Applying curve fitting of PL towards changes in b and c over RTT resulted in two functions:

$\begin{matrix} F_{{PL}_{b}} (rtt) = {ba}_{PL} + \frac{{bb}_{PL}}{2^{\frac{rtt}{{bc}_{PL}}}} F_{{PL}_{c}} (rtt) = {ca}_{PL} + \frac{{cb}_{PL}}{2^{\frac{rtt}{{cc}_{PL}}}} & (7) \end{matrix}$

And consequently, it yielded the following PL function, which describes the PL effect at different RTT values:

$\begin{matrix} F_{PL} (pl, rtt) = \frac{1}{1 + {(\frac{pl}{{ca}_{PL} + \frac{{cb}_{PL}}{2^{\frac{rtt}{{cc}_{PL}}}}})}^{({ba}_{PL} + \frac{{bb}_{PL}}{2^{\frac{rtt}{{bc}_{PL}}}})}} & (8) \end{matrix}$

Random Jitter Sigmoid. The simplified symmetrical sigmoid didn't capture that the RJ did not reach “0” as the lowest score, but rather flattened out at a higher value. Therefore, a full sigmoid was required, and it proved to work well with minimal number of coefficient possible:

$\begin{matrix} F_{RJ} ({stdev}_{rj}) = d_{RJ} + \frac{1 - d_{RJ}}{1 + {(\frac{{stdev}_{rj}}{c_{RJ}})}^{b_{RJ}}} & (9) \end{matrix}$

Spiky Jitter Sigmoid. The curve fitting for the spike jitter using the simple symmetrical sigmoid showed good statistical performance, and no inconsistency in the output (QoE) score and derivative when compared with measured data.

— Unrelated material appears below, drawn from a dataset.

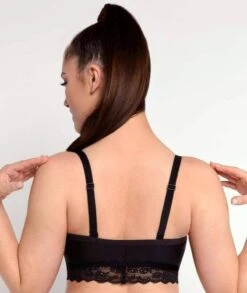 Curvy Kate Twice The Fun Reversible Wirefree Bralette - Black/Pink 13 Curvy Kate Twice The Fun Reversible Wirefree Bralette - Black/Pink -BRASTOGO Sales curvy kate twice the fun reversible bralette black pink 2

$\begin{matrix} F_{SJ} ({spikesize}_{sj}) = \frac{1}{1 + {(\frac{{spikesize}_{sj}}{c_{SJ}})}^{b_{SJ}}} & (10) \end{matrix}$

The coefficients of the static parameters after the calibration, for the formula (3), are presented in Table 4, seen in FIG. 27.

While Table 4 presents specific values for the various coefficients, it is understood that slight variations from these coefficients may also work well. In some embodiments, varying the coefficient values buy ±5% or even ±10% may provide acceptable results.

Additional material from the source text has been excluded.